To do so, users can follow the steps below:

  1. Click the "Train New Classifier" button placed on the top-right of this screen. Doing so will open the setup dialog:

    Users will be prompted to add a classifier name (unique), followed by the following:

    • An existing Catalyst dataset - This dataset must contain a “prompt” column, along with a common metric computed on at least two different LLM responses for each prompt.

    • The common metric - refers to the common metric (e.g, Context Precision) computed on various LLM responses inside the dataset selected above.

    Clicking “Next” takes users to the schema mapping screen.

  2. Map your dataset's column names with the relevant classifier schema elements, most importantly prompt and metric values:

    Note that the configuration for each metric evaluation is stored during computation, so the model associated with a particular metric column is already known in the background, and hence need not be specified here.

  3. Clicking “Train” will add the classifier training job in the Job ID window, and once complete, users can find it on the default screen.

  4. Clicking on individual classifiers will allow users to view their corresponding details as shown (no edits allowed, view-only):

  5. Users can delete existing classifiers using the three-dot menu on the top-right corner of each card on the default screen.


Step 3: Create a Deployment

Users can create multiple deployments - which are basically a combination of rules, settings, classifier details (as described above), and model choices for real-time inferences. That said, only one deployment can be active at any time.

Deployments can follow one of two routing logics: custom ordering and auto-routing.

Custom Order

To create a new custom order deployment:

  1. Navigate to the "Deploy" section of the Gateway:

  2. Click on "New Deployment" to open the following dialog:

    The default choice is set to "Custom Order", wherein users can choose their preferred models from a multi-select dropdown (based on the API keys declared). Once chosen, users can drag-and-drop them in order of their preference.

  3. Once the preference order is chosen, users can select the rules based on which the order will be executed by clicking "Next":

    Users can enable each of the following options using a checkbox:

    • Model Response Timeout - time value in seconds for how long the Catalyst Router should wait for a model to inference a query before moving on to the next one

    • Retries on Model Timeout - numerical value of the number of times the same model should be retried on hitting the timeout value set above

    • Retries on Model Failure - numerical value of the number of times the same model should be retried in case a failure/error code is received

Auto-Routing

To create an auto-routiing deployment:

  1. On the "New Deployment" dialog, select Auto-Routing from the preference dropdown:

    Till users train their own classifiers, the above screen will be shown. Once 1+ classifiers have been trained, a list will be shown as follows:

    For any one deployment, only one classifier can be enabled. Toggling one classifier will disable the others.

  2. Clicking "Next" will allow users to set the rules, same as above.

    Clicking "Save" will add the deployment to the default "Deploy" screen, similar to the Projects flow on the Catalyst app.

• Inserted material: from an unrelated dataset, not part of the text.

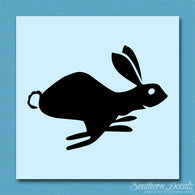 Bunny Rabbit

Once a deployment (custom/auto) has been created, its details can be viewed by clicking its respective card on the "Deploy" screen:


Step 4: Activate a Deployment

To activate a created deployment, simply switch on the toggle switch associated with a particular deployment:

Doing so will expose a code snippet, containing the deployment ID associated with a particular deployment as below:

The copy button next to the snippet will allow users to bring the code snippet to their application's codebase/SDK. Users can simply edit the message with their own variables to enable Routing.